The Online Emperor has no Clothes

If UCOP and the Regents end up trying to use the expansion of online courses–rather than say the increase in the number of faculty–as a way to overcome so-called “bottleneck” courses, and if they use online courses as the primary means to allow community college students to meet their lower-division requirements then, as a practical matter, students will be compelled to take online courses even if they are not officially required…

It has been the austerity policies of the last twelve years–not the invention of new technologies or the alleged conservatism of the faculty–that has driven the dialogue and the seminar to the margins of the university. If we are serious about the quality of education then returning the dialogue and the seminar to the center is the task facing education going forward–whether digital or not,

Whose Online? What Online?” Michael Meranze

Roughly speaking, there are two sides to the sorts of Utopian thinking that have flourished around new communication technologies and online education. On the one hand, you have the run of the mill electronic naif, naively enthusiastic about the possibilities and seemingly oblivious to the practicalities of everyday life, economic and otherwise. We can call this the Napster side. Thomas Friedman and his ilk go here; Meranze calls him a ‘technopulicist‘.
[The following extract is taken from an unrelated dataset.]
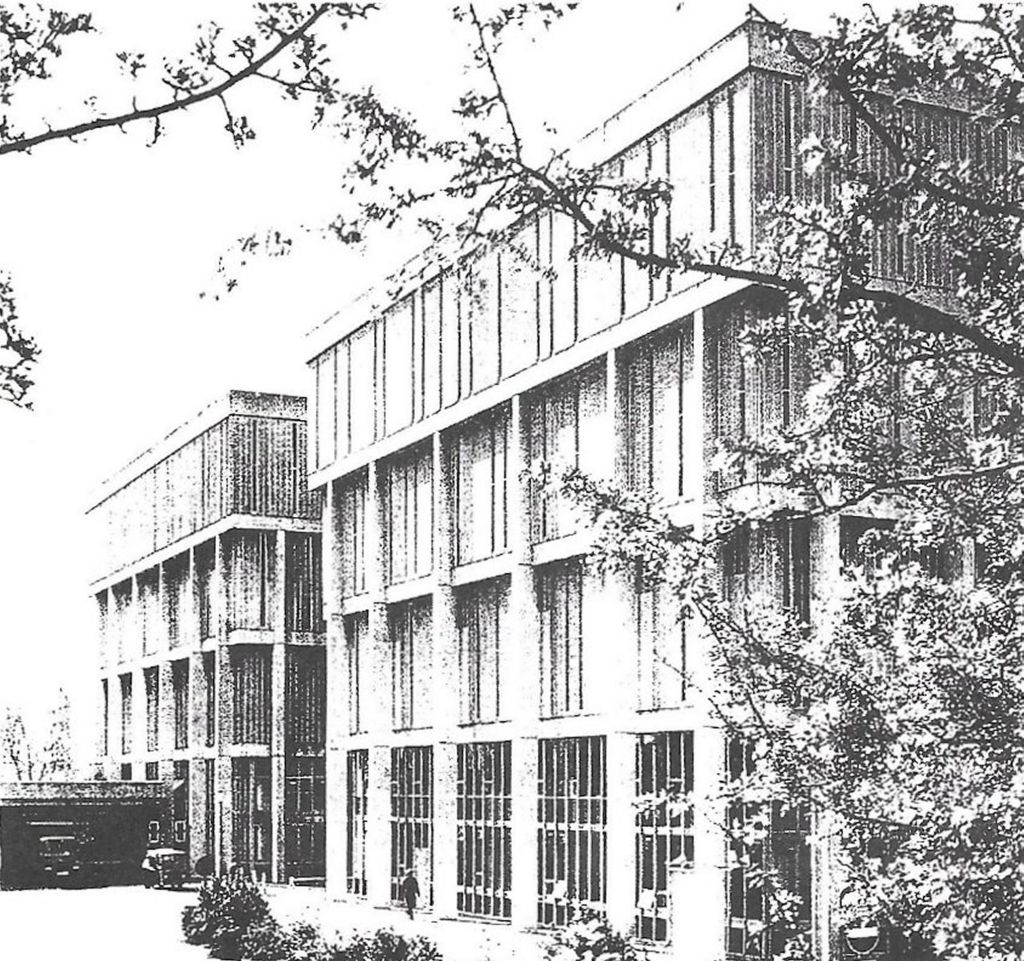 Edificio principal del British Library Document Supply Centre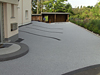 Courtyard Patio Parking Lot Asphalt intend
The technopublicist enthusiasm may or may not be self-serving, since many of them are involved in companies of various kinds (Udacity, Coursera). The other side of this technological Utopian thinking is the side– we might call it the administrative side– that uses this naïve discourse and enthusiasm to both drive a specific anti-labor agenda and to obscure problems it has no desire to solve because the solutions don’t serve its interests.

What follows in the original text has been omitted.